DIRECTIONS FOR THIS TASK:
A verbatim copy is needed of the lines below from the one containing "GEEKLIGHTING Toddler's Velvet" up to and including the one containing "Pixzlo v2.0.1 - Professionals", excluding pictures.

EXERCISE INPUTS:

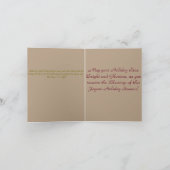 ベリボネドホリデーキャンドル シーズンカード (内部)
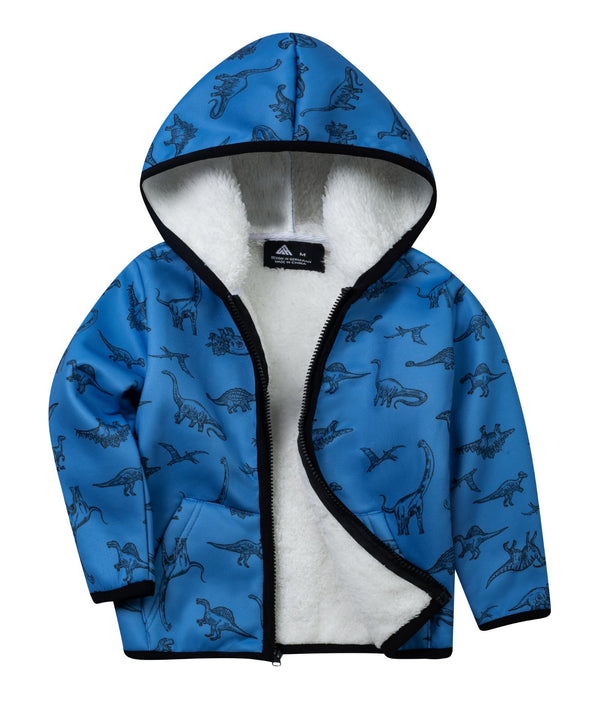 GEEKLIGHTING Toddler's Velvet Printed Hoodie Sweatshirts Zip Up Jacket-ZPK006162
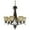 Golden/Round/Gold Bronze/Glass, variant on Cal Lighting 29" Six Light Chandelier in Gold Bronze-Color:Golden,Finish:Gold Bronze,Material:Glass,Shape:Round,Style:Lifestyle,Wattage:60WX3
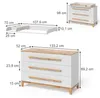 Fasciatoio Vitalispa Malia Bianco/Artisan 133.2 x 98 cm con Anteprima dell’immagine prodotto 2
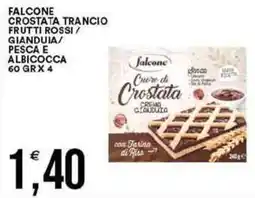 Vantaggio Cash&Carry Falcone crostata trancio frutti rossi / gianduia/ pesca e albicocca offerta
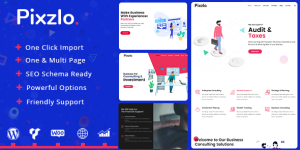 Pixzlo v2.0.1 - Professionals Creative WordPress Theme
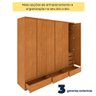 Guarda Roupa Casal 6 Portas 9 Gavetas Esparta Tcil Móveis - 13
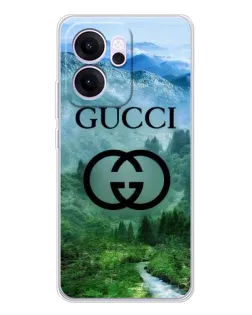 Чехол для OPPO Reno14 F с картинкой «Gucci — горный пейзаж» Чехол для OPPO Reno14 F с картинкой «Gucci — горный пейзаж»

--

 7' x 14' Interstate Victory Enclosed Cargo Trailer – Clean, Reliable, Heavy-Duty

TASK RESULT:
 GEEKLIGHTING Toddler's Velvet Printed Hoodie Sweatshirts Zip Up Jacket-ZPK006162
 Golden/Round/Gold Bronze/Glass, variant on Cal Lighting 29" Six Light Chandelier in Gold Bronze-Color:Golden,Finish:Gold Bronze,Material:Glass,Shape:Round,Style:Lifestyle,Wattage:60WX3
 Fasciatoio Vitalispa Malia Bianco/Artisan 133.2 x 98 cm con Anteprima dell’immagine prodotto 2
 Vantaggio Cash&Carry Falcone crostata trancio frutti rossi / gianduia/ pesca e albicocca offerta
 Pixzlo v2.0.1 - Professionals Creative WordPress Theme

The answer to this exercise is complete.